**What is needed**
Any picture among the records should be left out, please; retype the rest exactly.

**Data shown**
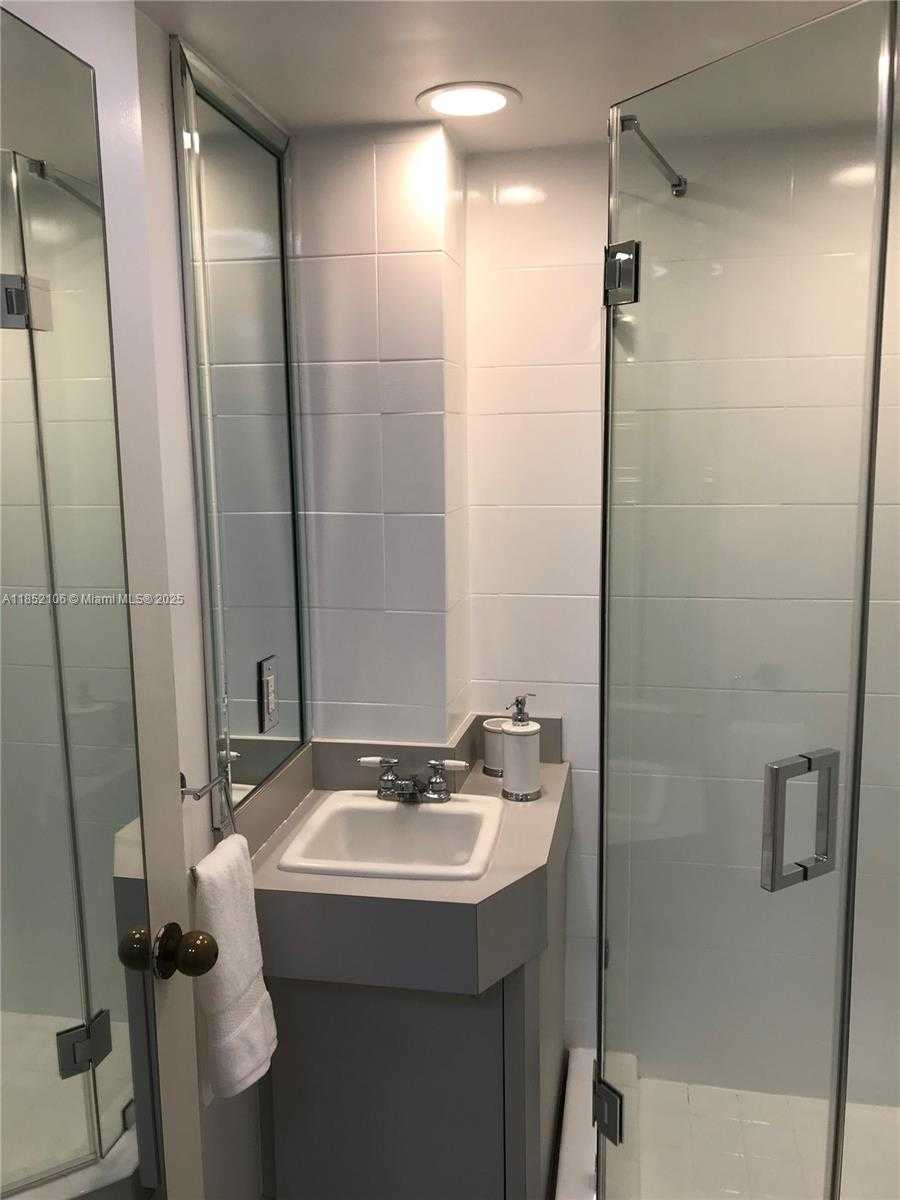 Small Image of 201 CRANDON BLVD #120, Key Biscayne Number 27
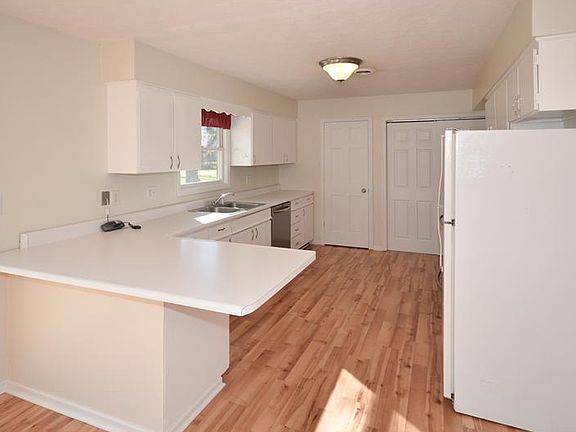 2nd image of 705 Elmwood Cir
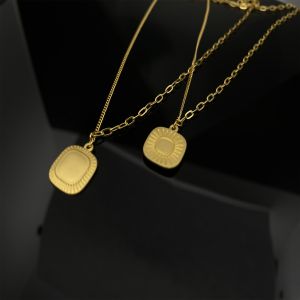 Timeless 18kt Yellow Gold Pendant Necklace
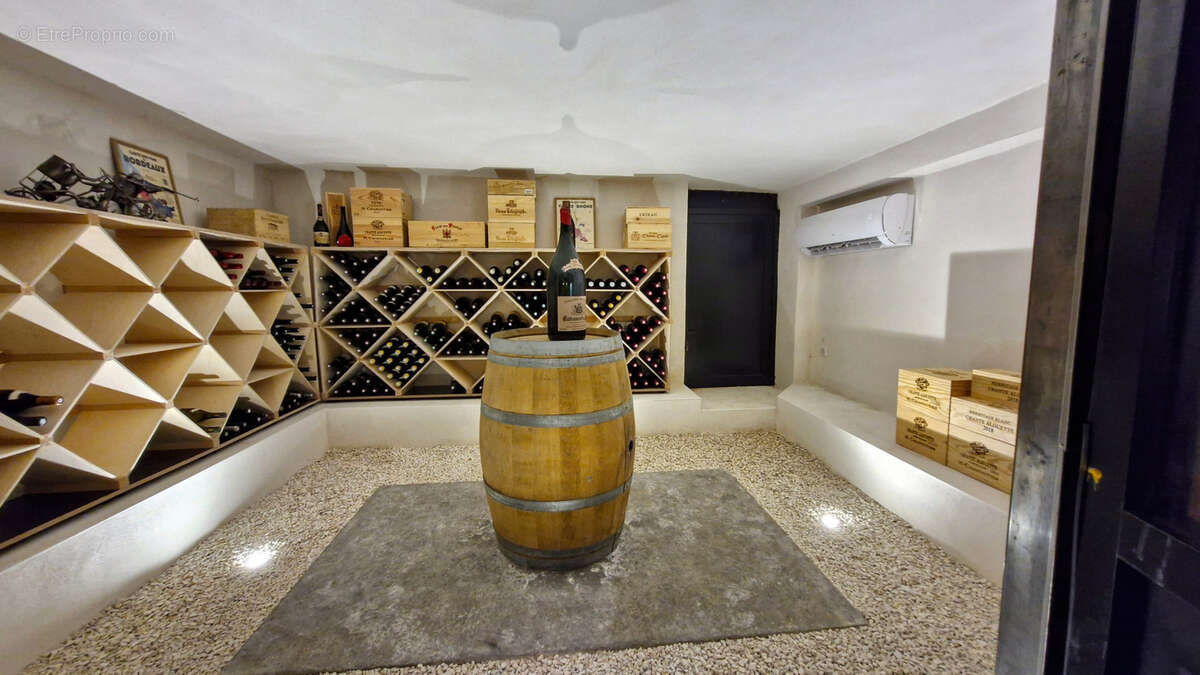 Maison à VILLENEUVE-LES-AVIGNON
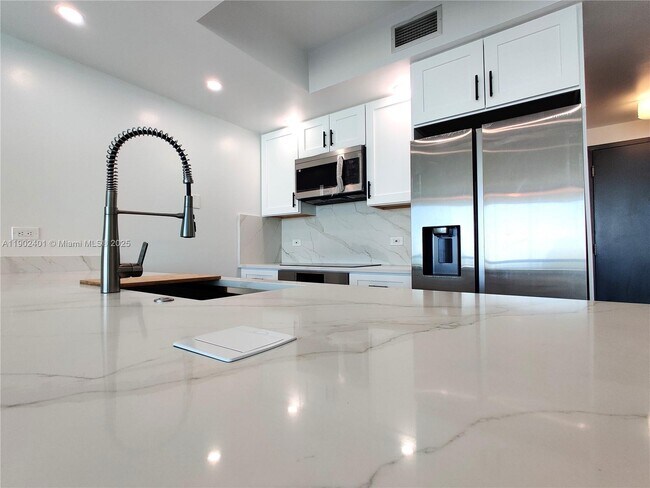 Building Photo - 888 Biscayne Blvd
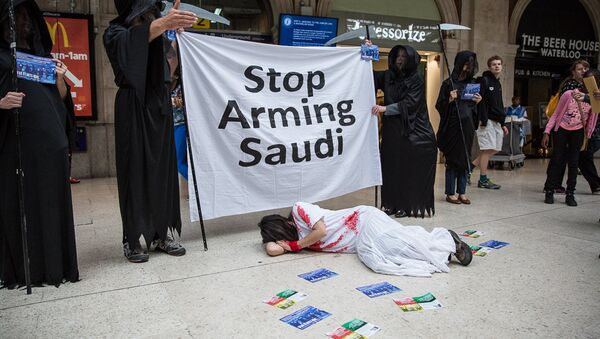 Human rights campaigners protest against Farnborough International arms fair. - Sputnik International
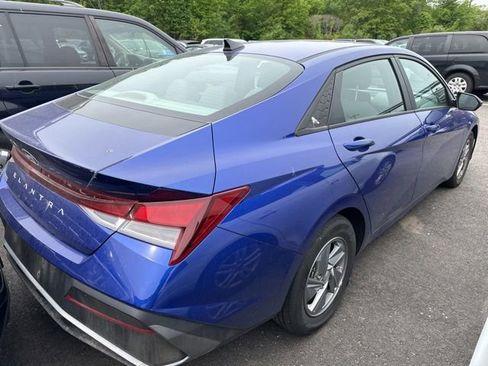 Used 2024 Hyundai Elantra SE FWD image 3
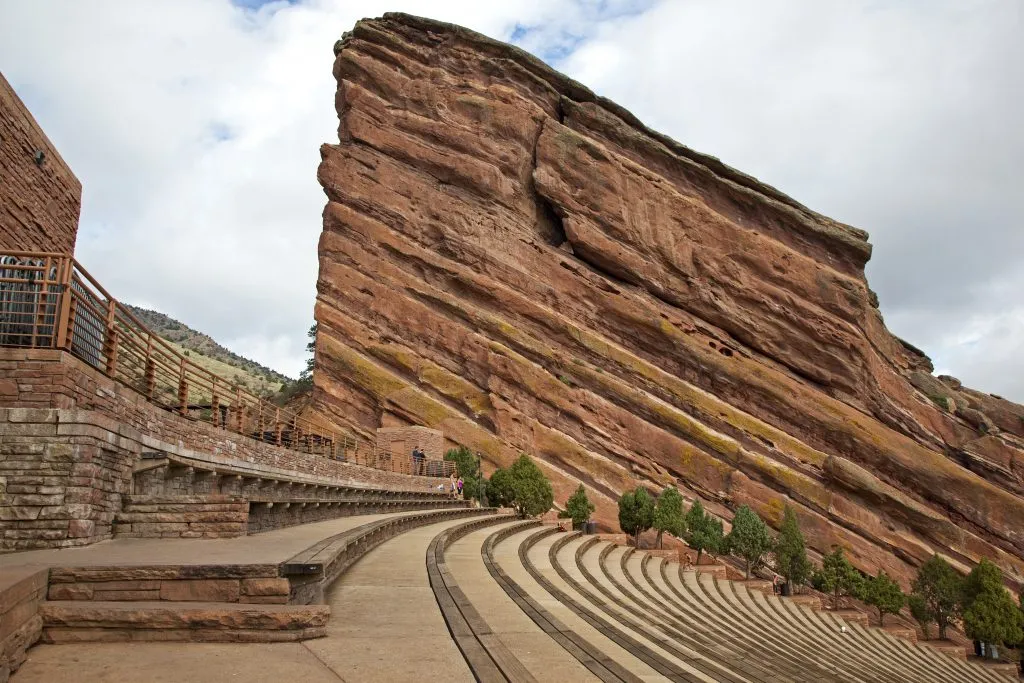 photo of empty red rocks amphitheatre in denver co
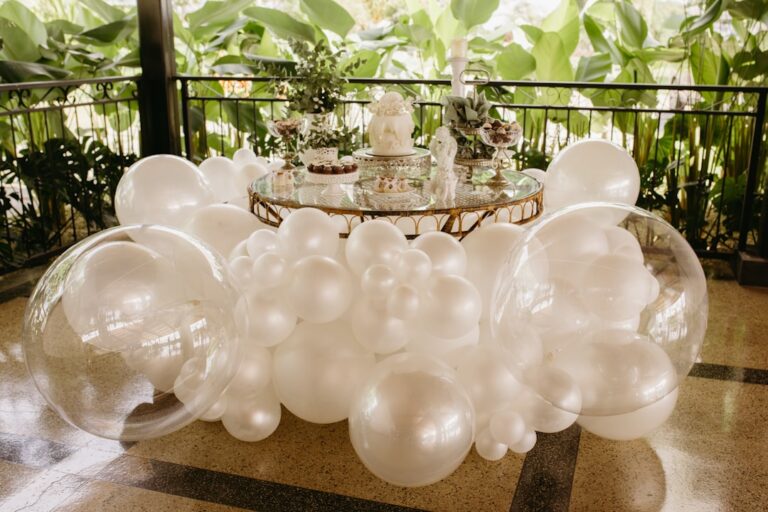 Beginner’s Guide to Creating a Picture-Perfect Dessert Table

**Output for this task**
 Small Image of 201 CRANDON BLVD #120, Key Biscayne Number 27
 2nd image of 705 Elmwood Cir
 Timeless 18kt Yellow Gold Pendant Necklace
 Maison à VILLENEUVE-LES-AVIGNON
 Building Photo - 888 Biscayne Blvd
 Human rights campaigners protest against Farnborough International arms fair. - Sputnik International
 Used 2024 Hyundai Elantra SE FWD image 3
 photo of empty red rocks amphitheatre in denver co
 Beginner’s Guide to Creating a Picture-Perfect Dessert Table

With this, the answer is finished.